In 2003 I was buying silver one troy ounce for 6.38 in 2010 I sold them for 26.40
I believed I was at the top of the up hill clime. A month latter and it was at 41.

So the moral is that I have been watching this market for a while.

My opinion is that with out major issue such as war you will see silver between 11 and fifteen per troy ounce. The table has turned and the filthy rich are moving from the commodities back into the market as the gain is to lucrative. They will prop up the market and then pull out after all you fools pour a few years of your retirement into there pockets so they can sell through a fictional character. Then start it all over again.

If you bought silver at 25 plus you are ****ed for several years. 

If you have been thinking about buying in now is the time to start in.

Watch the spread over spot.


----------



## Hemi45

Alterego - for the first time in my life I'm considering PM's and gold is way too high for me. What are some suggested sources to buy silver from and do have any opinion between bars and rounds? Coins seem to be priced at a collectable premium and I don't see the value in that. Thank you!


----------



## PalmettoTree

When, if a SHTF strikes you will not care what you paid. The problem is what if it doesn't? Everything must either be an investment or an indulgence.


----------



## inceptor

PalmettoTree said:


> When, if a SHTF strikes you will not care what you paid. The problem is what if it doesn't? Everything must either be an investment or an indulgence.


Mine is for the long term. As it drops your overall cost goes down. I buy small quantities but on a mostly regular basis. If the S never HTF, well the family will do okay after I'm gone. If the S does HTF, I'll be ok. Or if the price goes up, I'll be better off for my retirement.


----------



## Go2ndAmend

Inceptor and I have the same philosophy about silver. I buy less than 10 rounds each month, divide them up in ammo cans and place them in my safe for all of my kids. They are a hedge for a SHTF situation, a long-term investment for my kids, and a retirement hedge for me in that order.


----------



## BeefBallsBerry

Go2ndAmend said:


> Inceptor and I have the same philosophy about silver. I buy less than 10 rounds each month, divide them up in ammo cans and place them in my safe for all of my kids. They are a hedge for a SHTF situation, a long-term investment for my kids, and a retirement hedge for me in that order.


Exactly what I do.


----------



## alterego

Hemi45 said:


> Alterego - for the first time in my life I'm considering PM's and gold is way too high for me. What are some suggested sources to buy silver from and do have any opinion between bars and rounds? Coins seem to be priced at a collectable premium and I don't see the value in that. Thank you!

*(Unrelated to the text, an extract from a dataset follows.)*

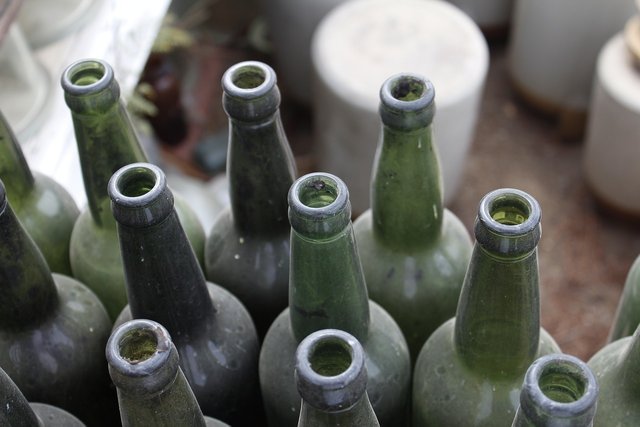 bottles691202_1280.jpg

I also do not see the value in collectables as well. I have bought silver in Florida while there visiting so I know there are coin bullion stores seemingly more there than in Michigan. I buy silver town engelhard and Johnson mattey rounds and flats in one and ten troy ounce bars and rounds. The spread over spot is less on the buy side than with walking liberty silver coins or maple leafs. I had sold those at 96 percent of spot when I cashed out. But to give you an idea. Bars and rounds 20 spot plus ten percent plus a buck for small quantity purchase at a bullion dealer and you will pay 23 for a name brand silver piece. A walking liberty will be a dollar more. When you sell them you should get some reasonable percent of spot the walking liberty will bring a little more on the sell as well. But if you do the math. The spread from sell to buy is usually more so it is harder to sell on the up and make a profit. Remember you can talk about shtf all day long but if it does not happen you still can make a profit. If you buy low and sell high.


----------



## jimb1972

I pick a price point, when it is under my buy price I try to buy 20oz a month, currently if it is under $20 I buy, over $27 I sell a few on ebay and buy more when the price declines.


----------



## redhawk

I'd like to buy some silver, mainly in ingots, not the silver eagles though. I think you pay more for "art" silver...JM2C


----------



## jimb1972

redhawk said:


> I'd like to buy some silver, mainly in ingots, not the silver eagles though. I think you pay more for "art" silver...JM2C


You do pay more for the Canadian Maple leafs and silver Eagles, but they hold their value a little better too. I buy from JMbullion and APMEX generally, mostly 1oz silver rounds from reputable mints in whatever design is cheapest.


----------



## PalmettoTree

I buy US silver coins. I have been collecting silver coins since childhood. My goal is to have one of every date and mint mark made. Some are so rare that I know I'll never get there. That is one my indulgences. Guns the other.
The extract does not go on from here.